Hand luggage and bags transported in the cargo hold are checked at airports according to regulations issued by authorities in Finland as well as all over the world. Items listed as banned are taken out of luggage before the bags are taken on board the aircraft.
Finavia and the Finnish Red Cross have signed a deal, according to which some of the items confiscated at Helsinki Airport are to be handed over to the Red Cross’s second hand department store Kontti, situated in Tammisto, in Vantaa. Kontti sells donated items, clothes and furniture. The profits from the sales go directly to the Red Cross, and these donations are used to help people in Finland and elsewhere.
“Taking possession of the banned items causes Finavia a lot of expense for storage and destruction. We keep the items in storage for a month, after which they are sent to the hazardous waste plant to be destroyed. Usable scissors and tools, for example, have ended up being destroyed, which from an environmental point of view is not good. Our new method of action reduces the environmental load and helps lengthen the life cycle of usable objects. At the same time, we are involved in supporting the charitable work of the Red Cross,” says Juha-Pekka Pystynen, Senior Vice President for Risk management for Finavia.

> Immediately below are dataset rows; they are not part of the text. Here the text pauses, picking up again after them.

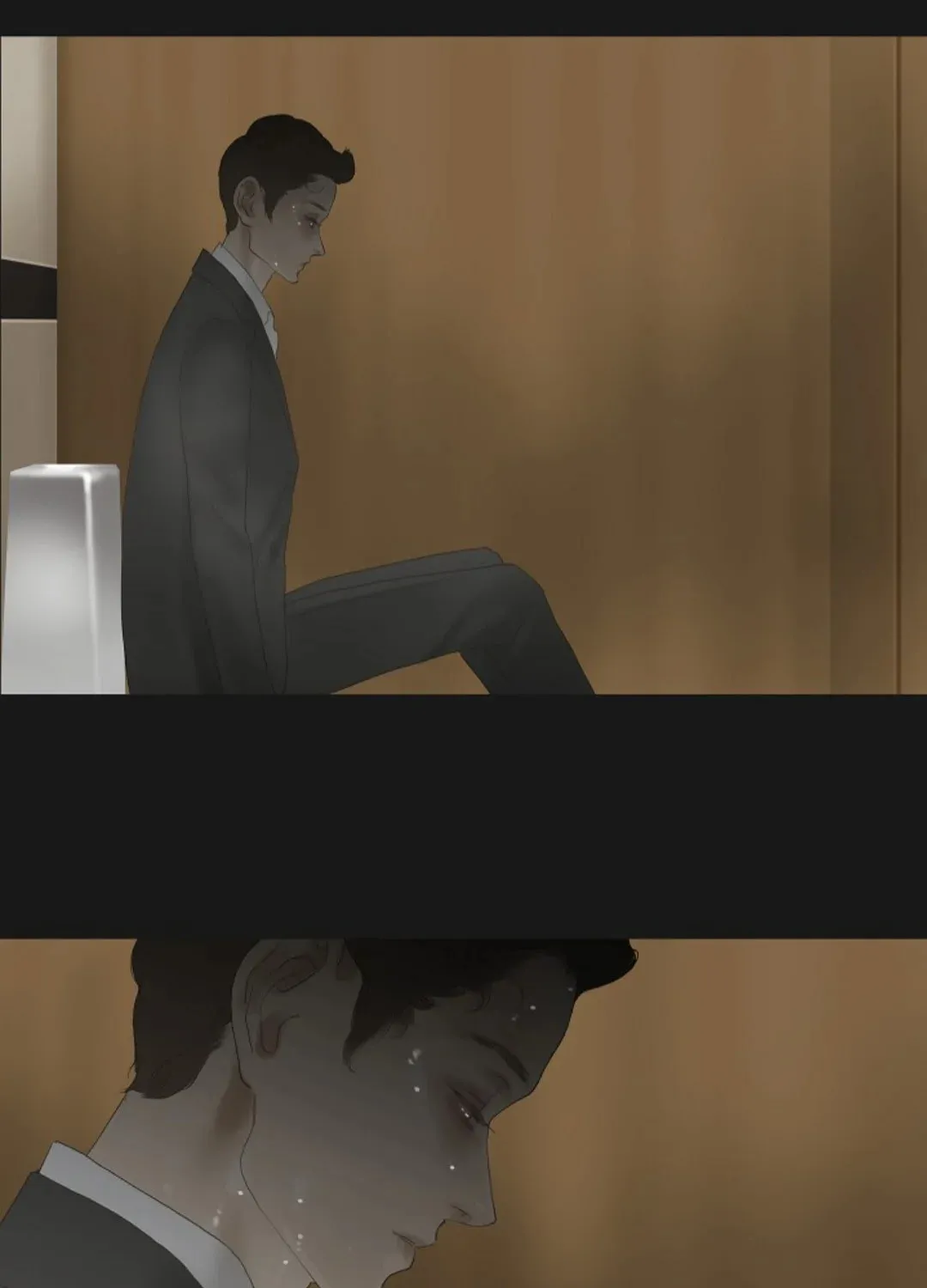 Read Ennui chapter 54 image 36 on Lezhin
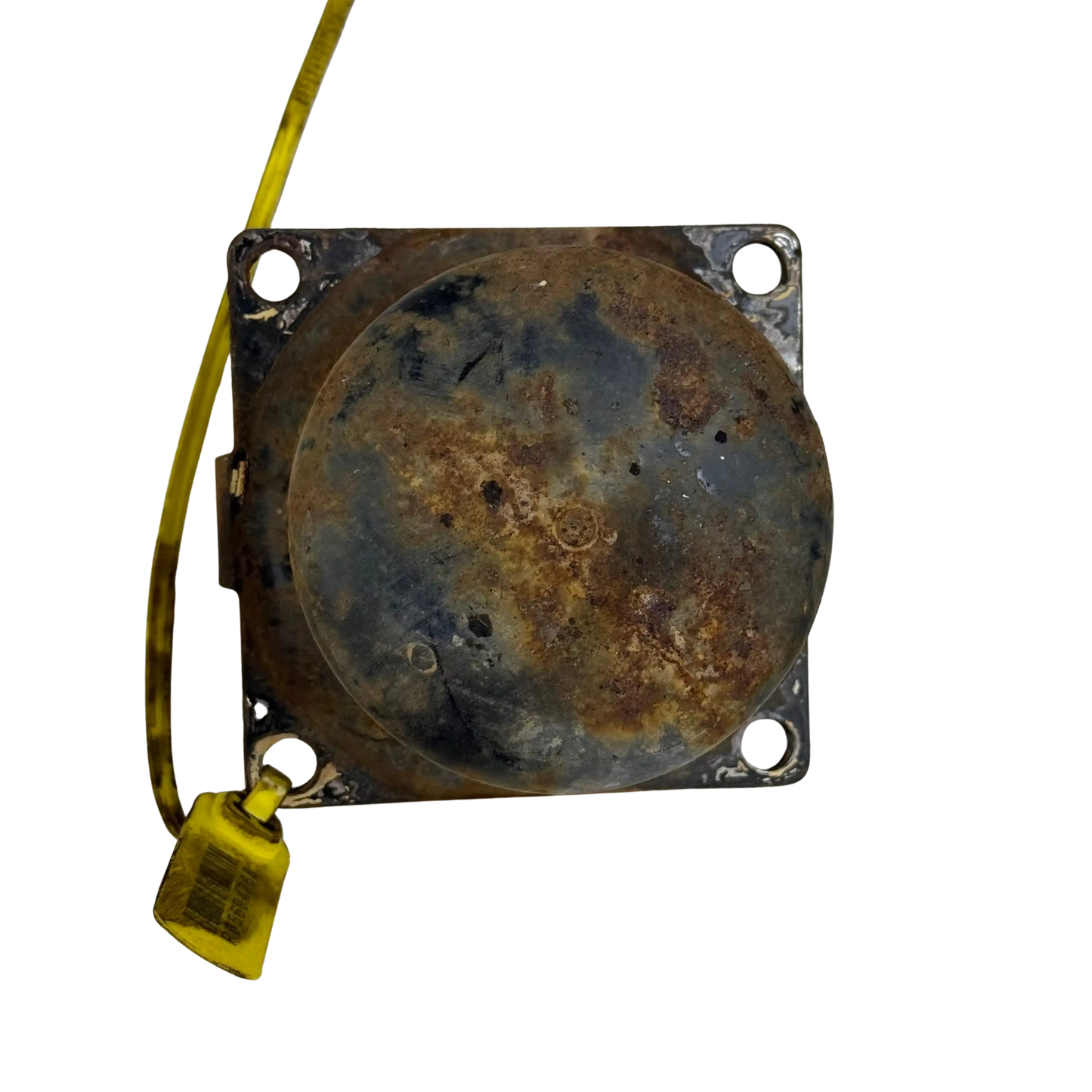 Konsol, gummidämpare | 1161-00071, 14526166 | Volvo EC290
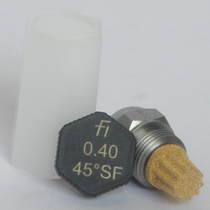 Жиклер  0,40 Gph 45° SF Fluidics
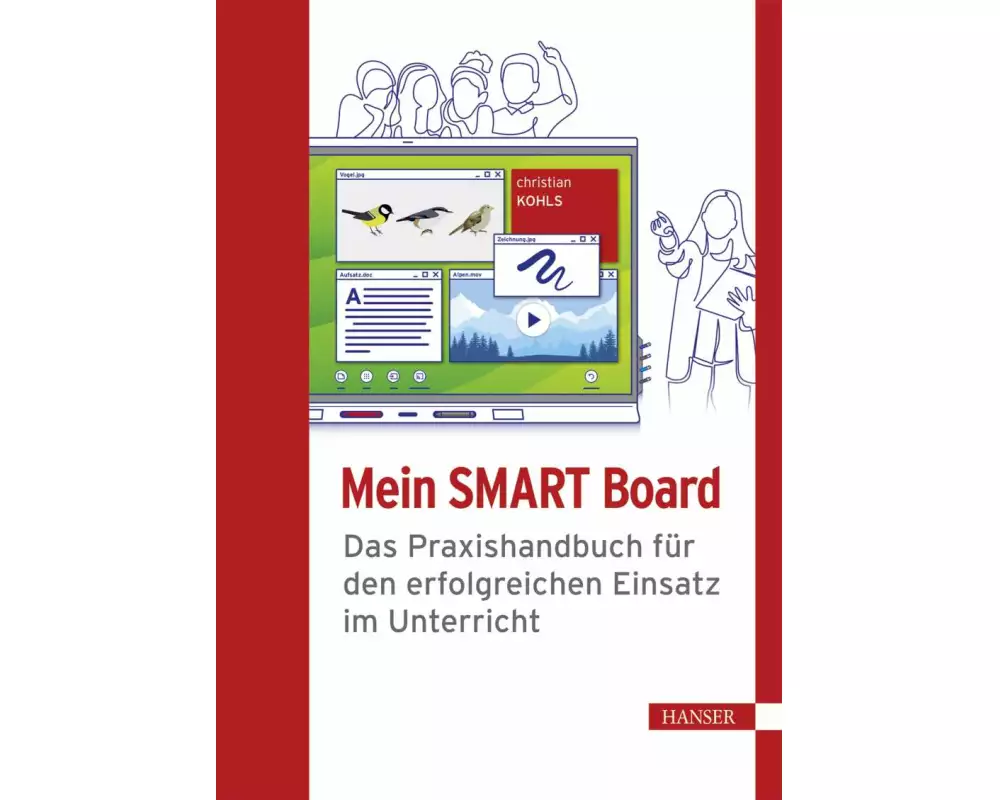 Mein SMART Board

“Kontti stores get most of their donations from private individuals. However, an increasing number of businesses and organisations are looking to make donations in goods as a way of making their business more ethically responsible. We are delighted to begin collaboration with Finavia. By donating the items confiscated at security checks to Kontti, Finavia is supporting the charitable work done by the Red Cross,” says Sari Nikkola, Director of the Red Cross second hand department store Kontti chain.
One might wonder: is my valued possession being sold to the highest bidder?
Items that are taken out of luggage do not directly make their way to Kontti’s shelves. The removed items are first stored at the airport for a month, during which time passengers may collect their belongings or agree on an alternative method of delivery. However, very few people have taken advantage of this possibility of getting their things back.
When items have been stored for a month, the Red Cross will be given some of them, such as tools, sharp objects, sport equipment, lighters and power banks. However, weapons, alcohol, food items, or items containing personal material, such as USB memory sticks, are not handed over for recycling or to charity.
This item got to the top of the removed items list - “500 pieces per month”
The security check at Helsinki airport removes about a thousand banned items every day. When you take all Finavia’s airports into account, the daily number is much higher.
“In recent times, power banks for mobile phones and computers are confiscated from passengers increasingly often. Because of their flammability, these are removed from the cargo hold luggage. About 500 a month of these are confiscated at Helsinki Airport alone. Power banks should only be carried in hand luggage”, says Pystynen.
“We are in close discussions with the authorities on how international aviation regulations can stay up-to-date with the development of technology. The current problem is what to do with, for example, suitcases that have an integrated power bank, and how security check rules provide for handling smart clothes that contain batteries”, says Pystynen.
These are the items most often removed from suitcases on their way to the cargo hold
- Power banks
- Fire-starting equipment
- Individual cartridges for guns
- Individual lithium batteries
- Hairspray bottles without caps
- Spray paints
These are the items most often removed from hand luggage
- Various liquids that are in containers larger than 100 millilitres
- Tools and sharp objects
- Fire-starting equipment (you may only carry one cigarette lighter or a match box)
Passengers are also asked to read the airline’s transport rules and safety regulations when they book their ticket and at the security check before the flight.